### PROBLEM DESCRIPTION:
Could you write out exactly, and only, the lines from the one containing "Phyllosticta aloeicola" through the last line of the data, leaving out all pictures?

### DATASET:
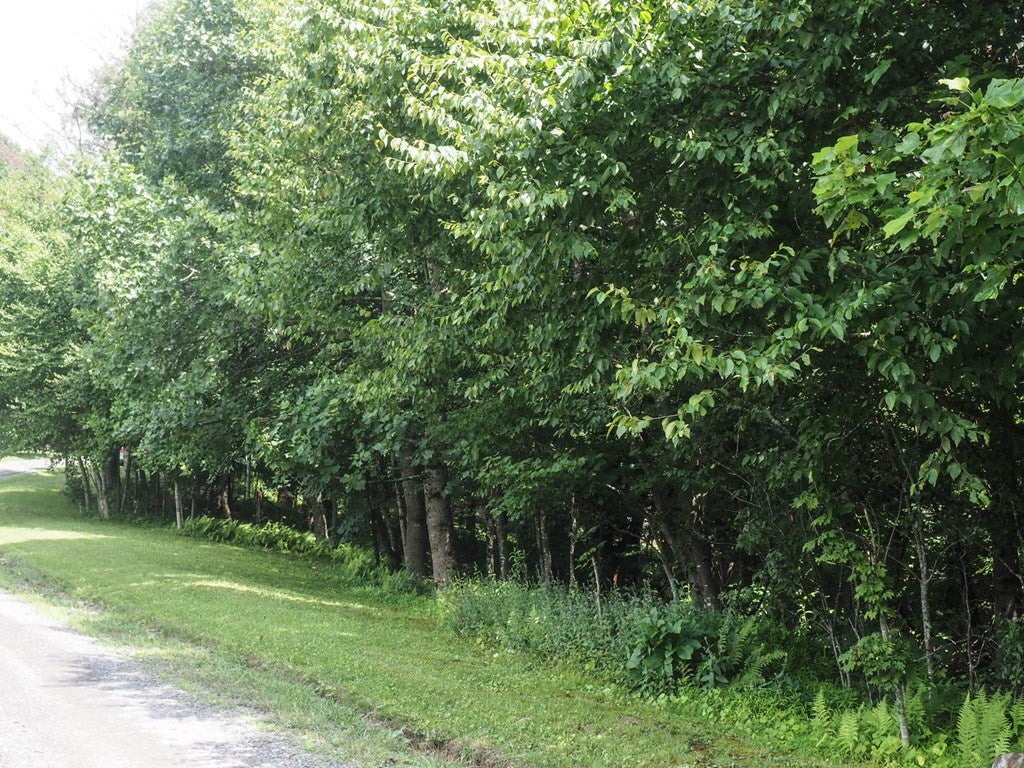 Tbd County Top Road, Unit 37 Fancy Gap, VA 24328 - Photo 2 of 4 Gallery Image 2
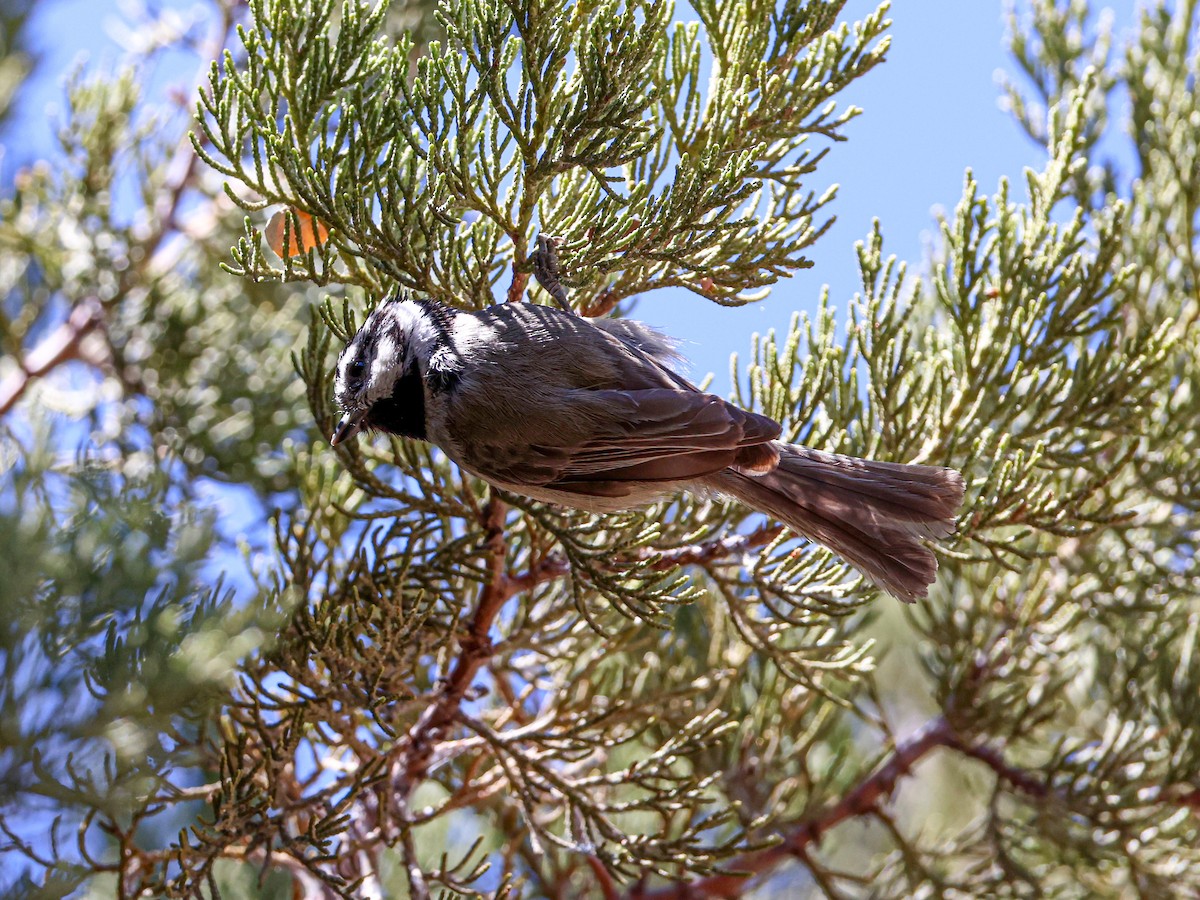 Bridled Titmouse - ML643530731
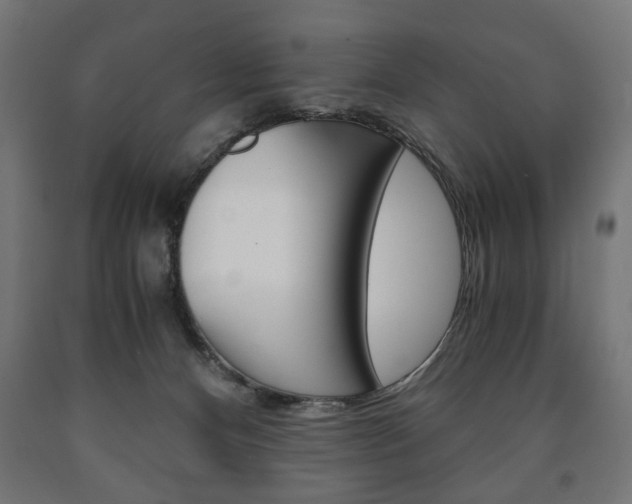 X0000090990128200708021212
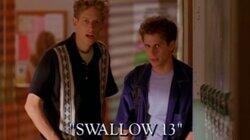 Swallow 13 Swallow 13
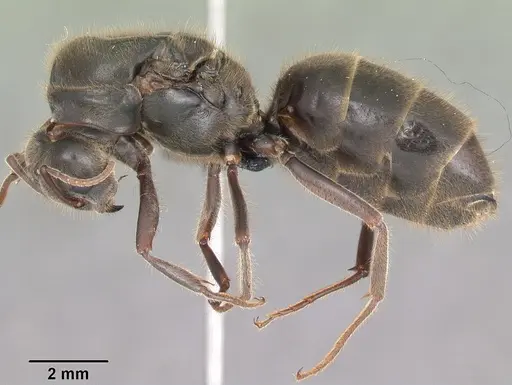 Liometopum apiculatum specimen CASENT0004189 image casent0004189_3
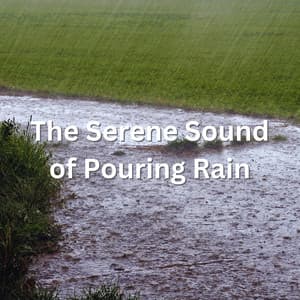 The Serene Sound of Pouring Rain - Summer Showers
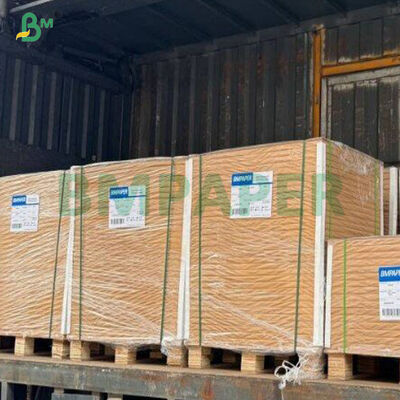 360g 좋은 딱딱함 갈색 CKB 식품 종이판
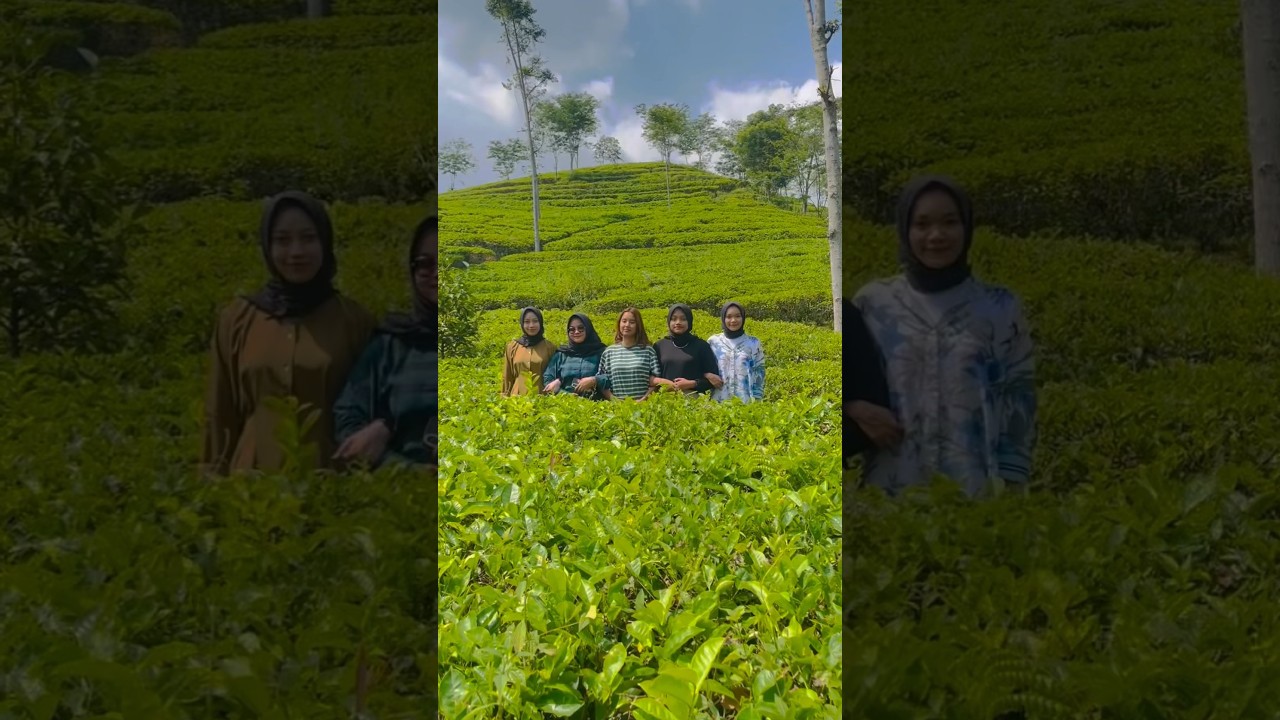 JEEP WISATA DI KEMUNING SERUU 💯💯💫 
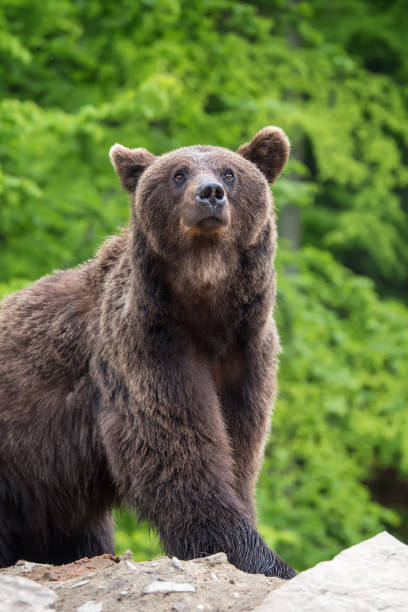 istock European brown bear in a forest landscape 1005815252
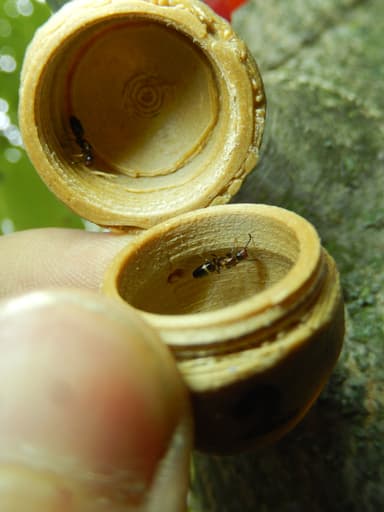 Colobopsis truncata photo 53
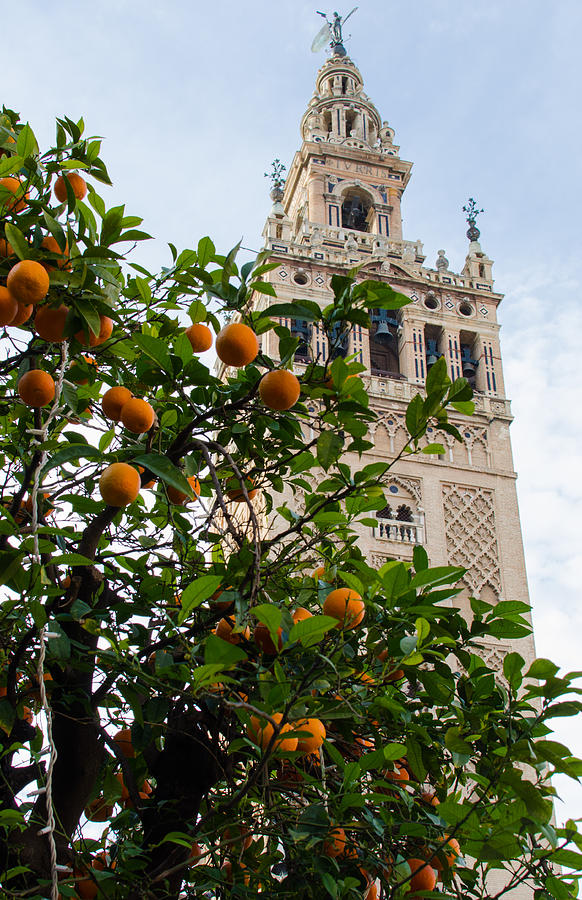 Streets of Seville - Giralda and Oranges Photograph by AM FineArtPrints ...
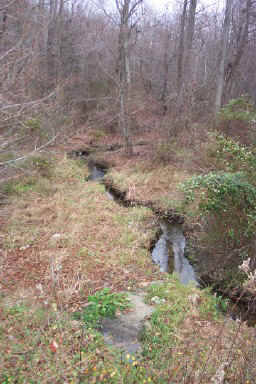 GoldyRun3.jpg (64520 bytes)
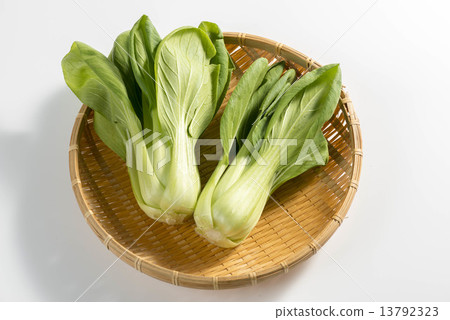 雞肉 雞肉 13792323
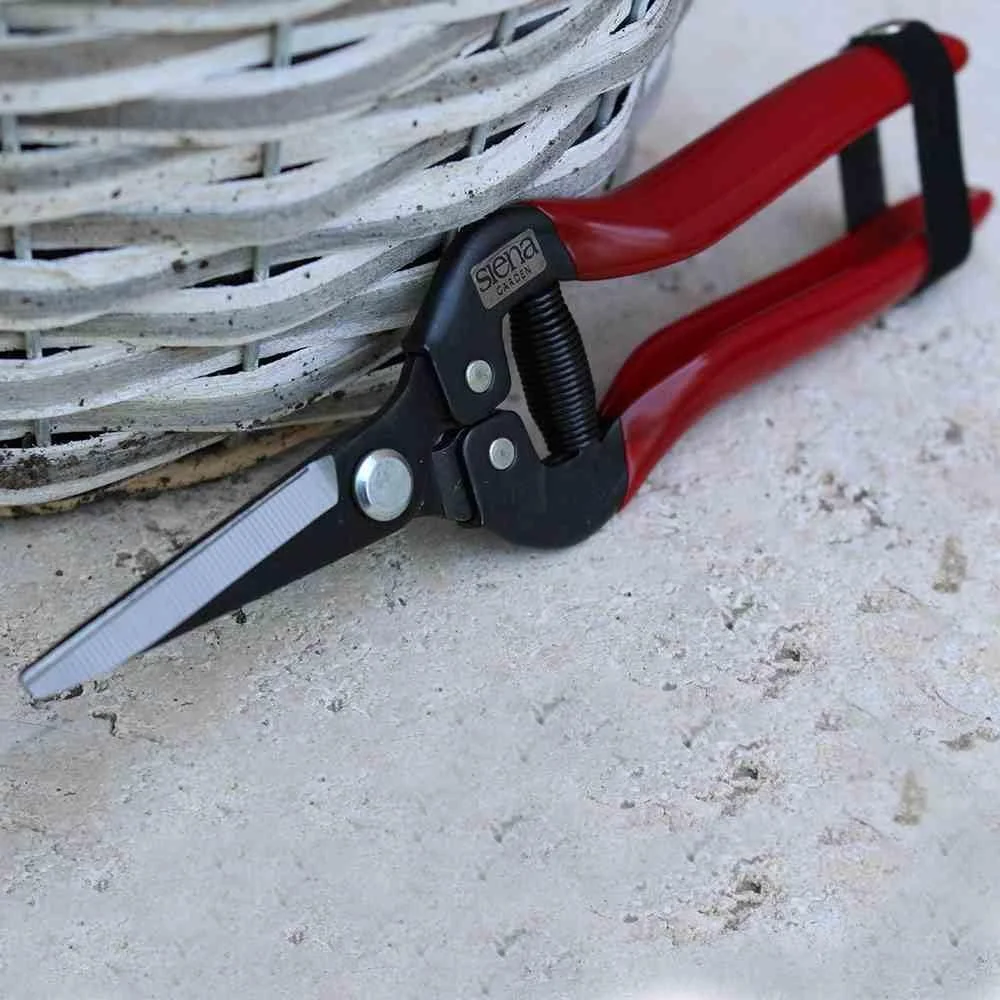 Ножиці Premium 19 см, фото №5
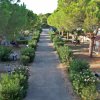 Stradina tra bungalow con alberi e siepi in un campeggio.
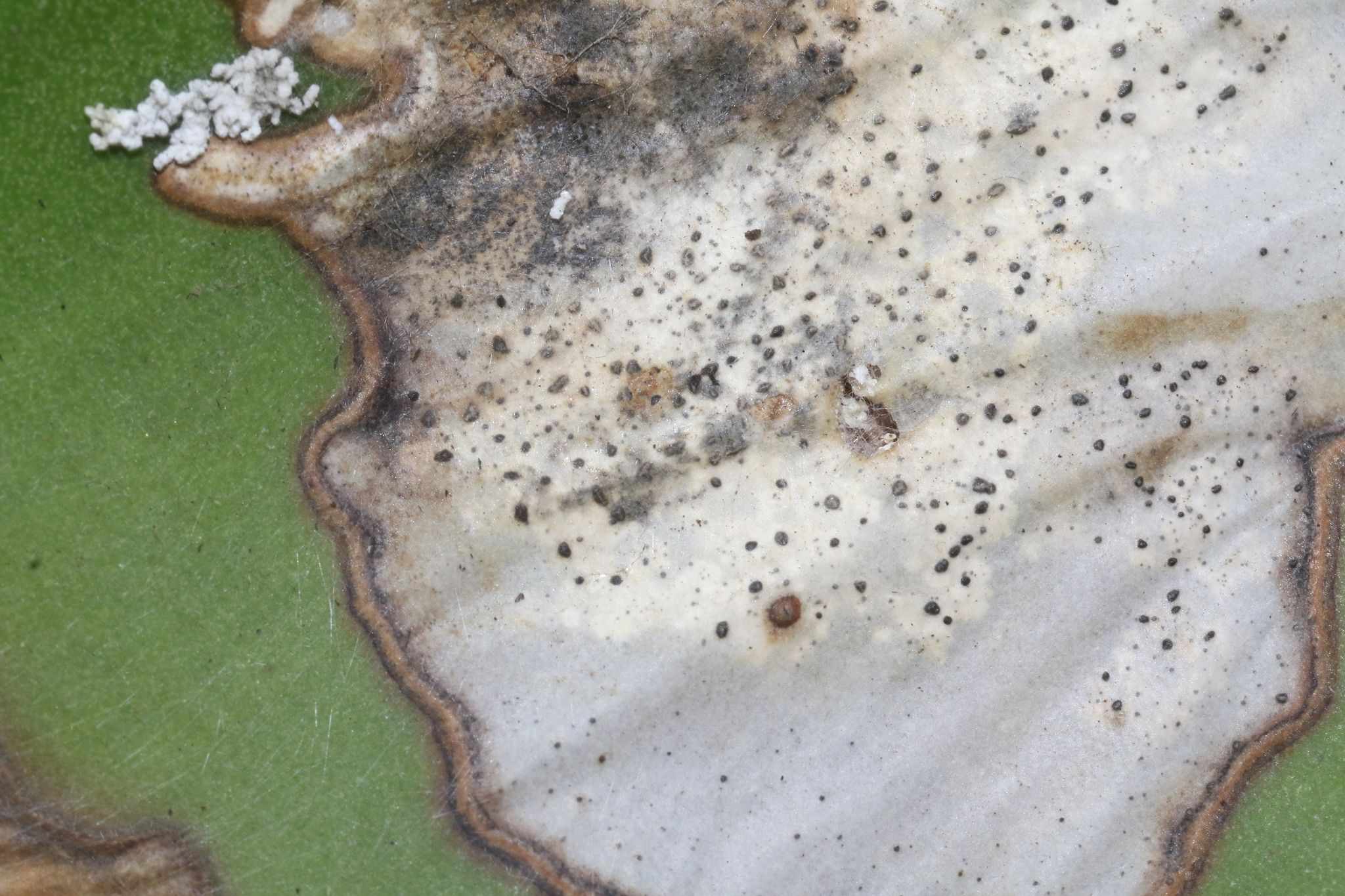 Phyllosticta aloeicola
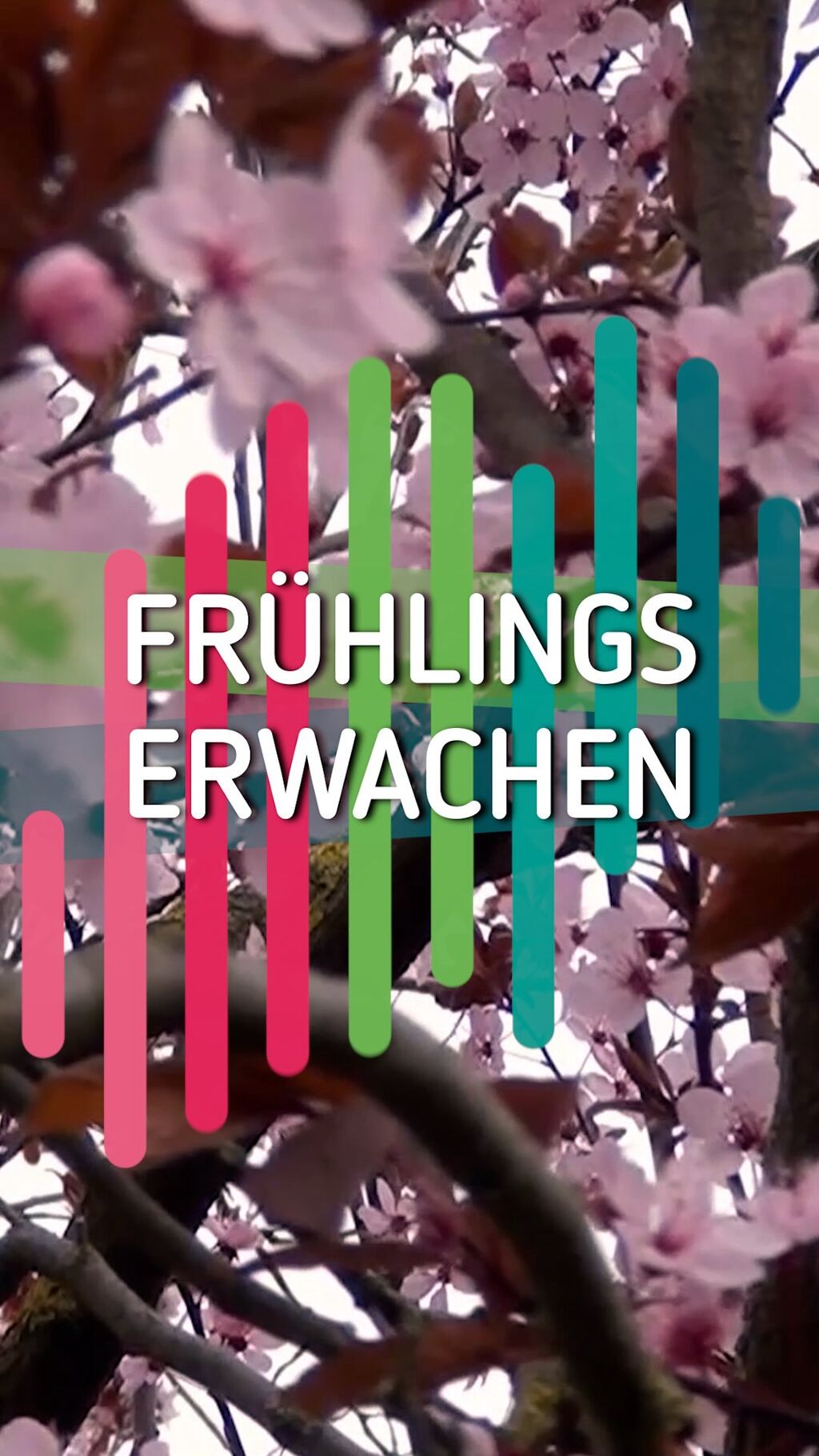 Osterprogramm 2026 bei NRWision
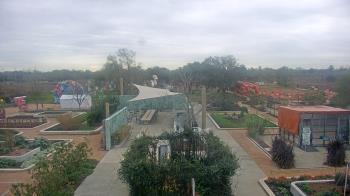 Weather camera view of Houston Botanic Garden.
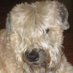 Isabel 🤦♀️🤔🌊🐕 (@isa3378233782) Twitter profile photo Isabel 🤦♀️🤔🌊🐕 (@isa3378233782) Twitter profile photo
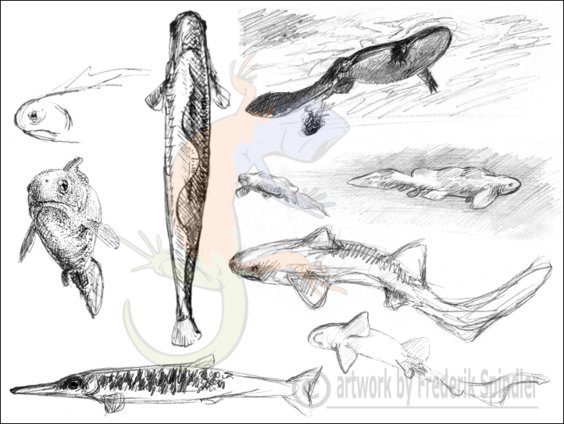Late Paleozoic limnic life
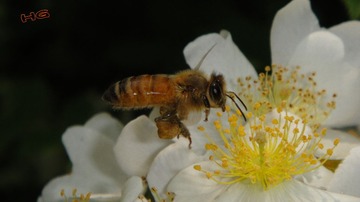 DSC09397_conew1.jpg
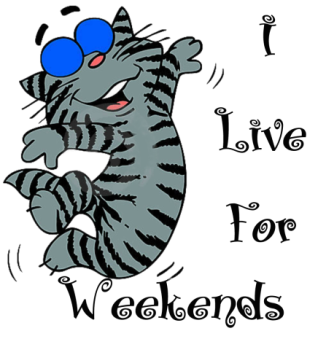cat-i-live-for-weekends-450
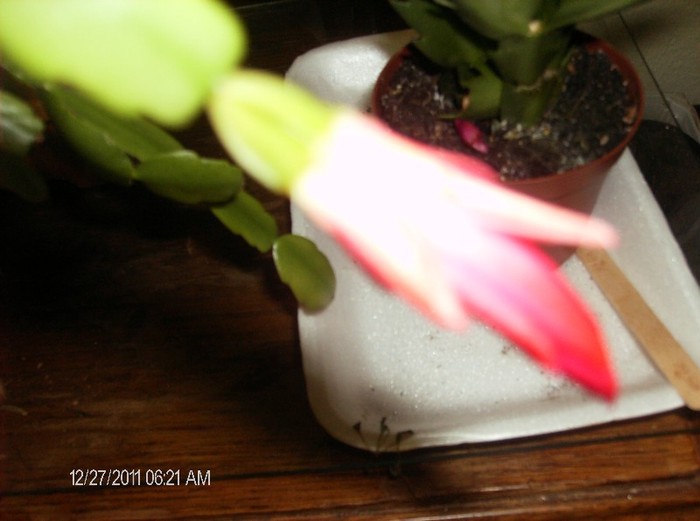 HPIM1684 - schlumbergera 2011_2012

### OUTPUT OF THE TASK:
 Phyllosticta aloeicola
 Osterprogramm 2026 bei NRWision
 Weather camera view of Houston Botanic Garden.
 Isabel 🤦♀️🤔🌊🐕 (@isa3378233782) Twitter profile photo Isabel 🤦♀️🤔🌊🐕 (@isa3378233782) Twitter profile photo
Late Paleozoic limnic life
 DSC09397_conew1.jpg
cat-i-live-for-weekends-450
 HPIM1684 - schlumbergera 2011_2012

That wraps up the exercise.